Kisah Ekudana, si Arahat - Dhammapada
Kisah Ekudana, si Arahat
Na tavata dhammadharo,
yavata bahu bhasati,
yo ca appampi sutvana,
dhammam kayena passati,
sa ve dhammadharo hoti,
yo dhammam nappamajjati.
Seseorang tidak disebut pendukung Dhamma,
hanya kerena ia banyak bicara.
Seseorang yang mendengar sedikit Dhamma,
memahami dan tidak mengabaikan Dhamma,
ialah seorang pendukung Dhamma.
Sang Buddha mengucapkan ayat ini pada saat berada di vihara Jetavana, di dekat kota Savatthi, sehubungan dengan seorang biksu arahat.
Terdapat seorang biksu yang tinggal di sebuah hutan dekat Savatthi. Karena ia hanya mengetahui sebuah syair tentang nafsu makan (udana) maka ia dikenal dengan sebutan Ekudana, namun ia sangat memahami arti dari Dhamma yang terkandung di dalam syair itu.
Pada setiap hari uposatha, biksu Ekudana akan menganjurkan orang-orang untuk pergi mendengarkan khotbah Dhamma, sementara dia sendiri hanya mengulang-ulangi sebuah syair yang ia hafal itu. Setiap kali ia selesai mengulang, dewa-dewa penunggu hutan akan memujinya dan bertepuk tangan untuk dengan gembira.
Pada suatu hari uposatha, 2 biksu terpelajar yang mahir Tipitaka, diikuti oleh 500 orang biksu mendatangi tempat kediaman biksu Ekudana. Biksu Ekudana meminta kedua biksu itu untuk membabarkan Dhamma.
Kedua biksu itu bertanya apakah banyak orang yang mendengarkan Dhamma di tempat terpencil ini. Biksu Ekudana menjawab dengan tegas dan memberitahukan kepada mereka bahwa dewa-dewa penunggu hutan juga selalu datang dan mereka biasanya akan memuji dan bertepuk tangan setelah khotbah Dhamma selesai.
Kedua biksu terpelajar itu akhirnya bergiliran membabarkan Dhamma, namun pada saat khotbah mereka berakhir tidak ada tepukan tangan dari para dewa penunggu hutan. Kedua biksu itu pun kebingungan, mereka mulai meragukan kata-kata biksu Ekudana. Biksu Ekudana tetap bersikeras bahwa para dewa penunggu hutan biasanya datang dan selalu bertepuk tangan pada akhir khotbah.

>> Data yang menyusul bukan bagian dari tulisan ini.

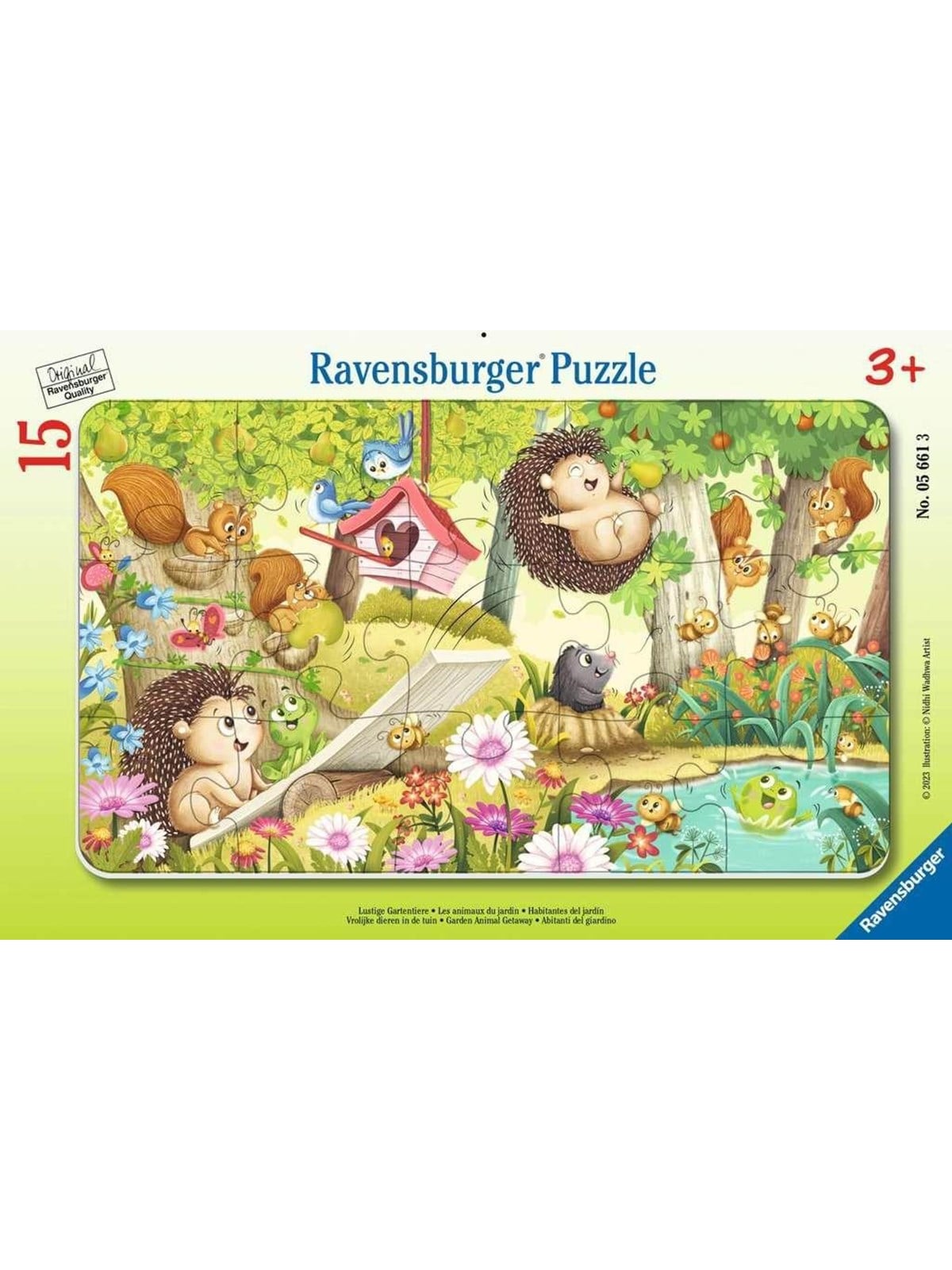 Ravensburger Funny Garden Animals (15) - Puzzle - 10105661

Kedua biksu terpelajar itu lalu memaksa biksu Ekudana untuk berkhotbah. Ia kemudian memegang kipas dan membaca syair yang biasanya. Pada akhir pembacaan, para dewa penunggu hutan bertepuk tangan seperti biasanya. Para biksu yang bersama dengan kedua biksu terpelajar itu mengecam bahwa para dewa yang ada di sana sangat pilih kasih.
Mereka melaporkan kejadian itu kepada Sang Buddha. Sang Buddha lalu berkata kepada mereka, "Para biksu! Aku tidak mengatakan bahwa seorang biksu yang telah banyak belajar dan berkhotbah Dhamma adalah pendukung Dhamma (Dhammadhara)."
"Orang yang belajar sedikit dan mengetahui hanya sebait syair Dhamma, namun sangat memahami Empat Kesunyataan Mulia, dan selalu penuh kesadaran, maka ialah seorang pendukung Dhamma sejati."
Sang Buddha lalu mengucapkan ayat itu.